[Short web captions]

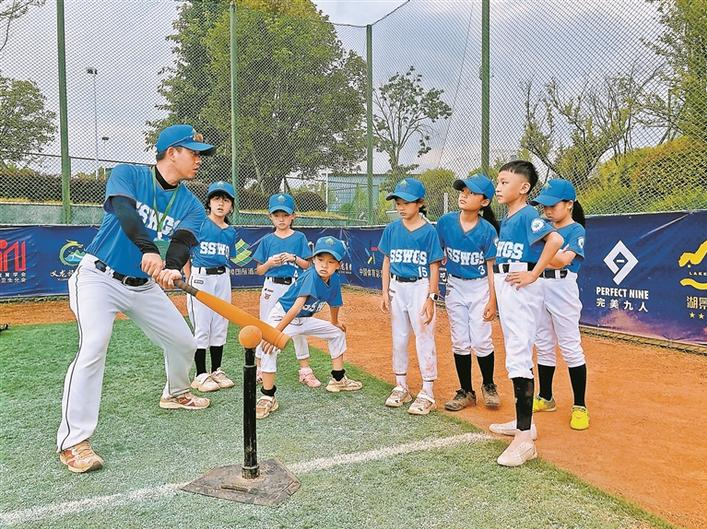 “让棒垒球运动在深汕生根发芽”，这支少年球队以“黑马”之姿勇夺佳绩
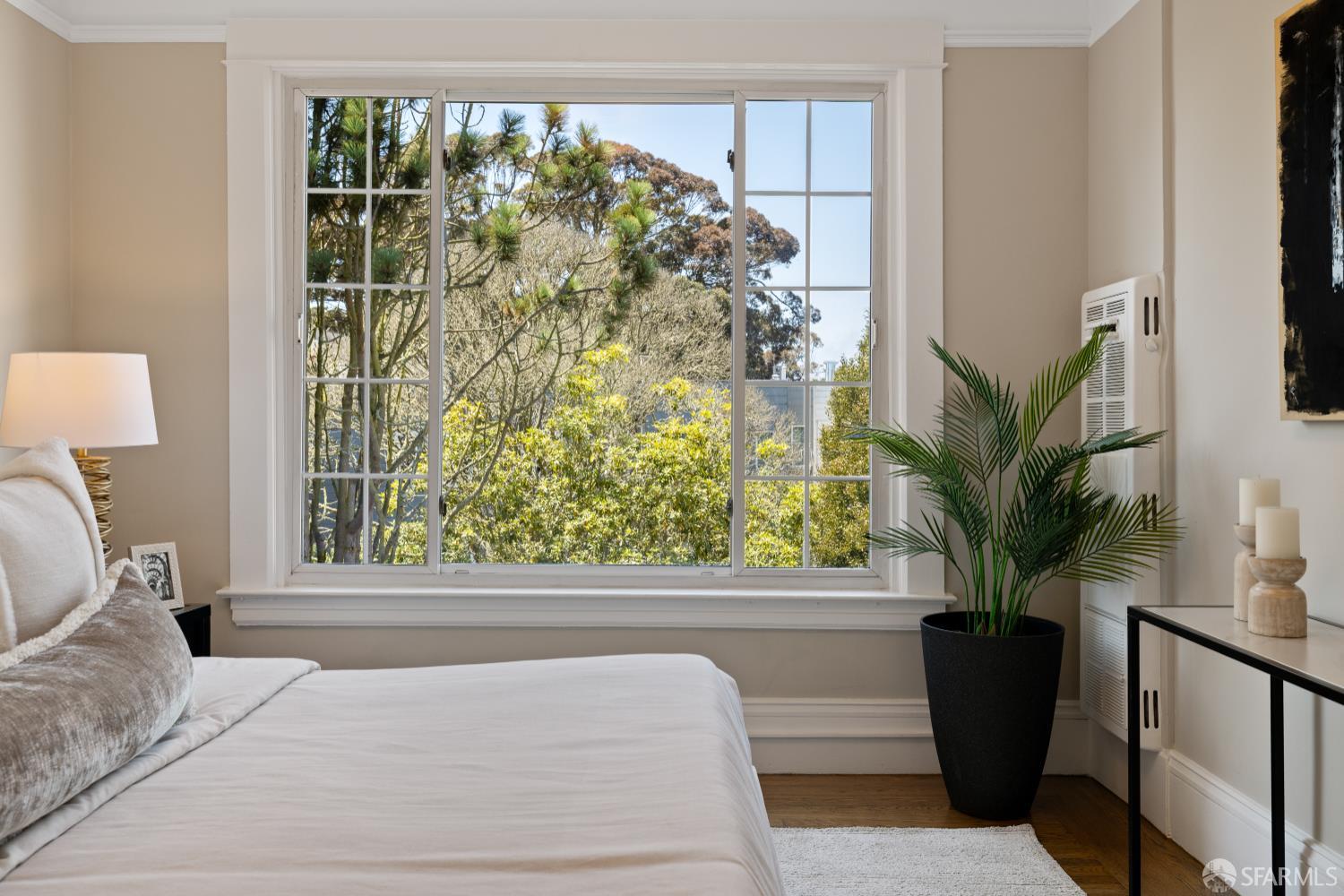 San Francisco, California 94118, United States, 5 Bedrooms Bedrooms, ,2 BathroomsBathrooms,Residential,Active,173402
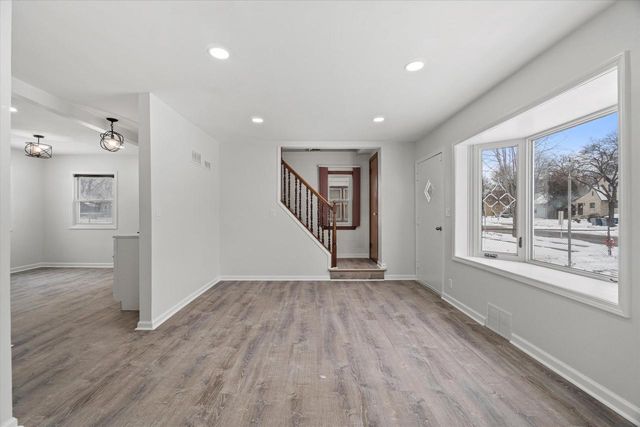 5320 N 60th STREET, Milwaukee, WI 53218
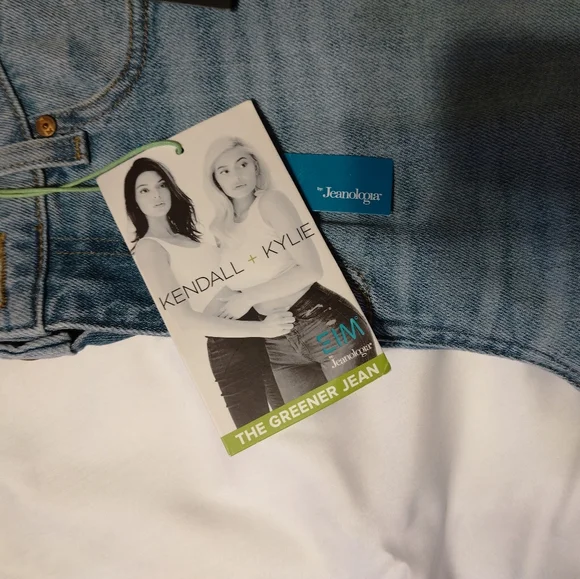 Pants - Picture 2 of 4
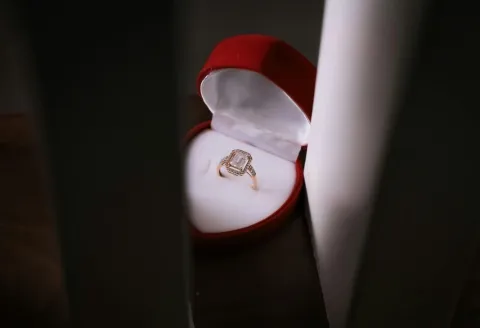Box with ring designs for an unforgettable proposal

**The task:** The line containing "San Francisco, California" and every line after it, through the end of the data, are to be output exactly. Omit the pictures.

**Reply to the exercise:**
 San Francisco, California 94118, United States, 5 Bedrooms Bedrooms, ,2 BathroomsBathrooms,Residential,Active,173402
 5320 N 60th STREET, Milwaukee, WI 53218
 Pants - Picture 2 of 4
Box with ring designs for an unforgettable proposal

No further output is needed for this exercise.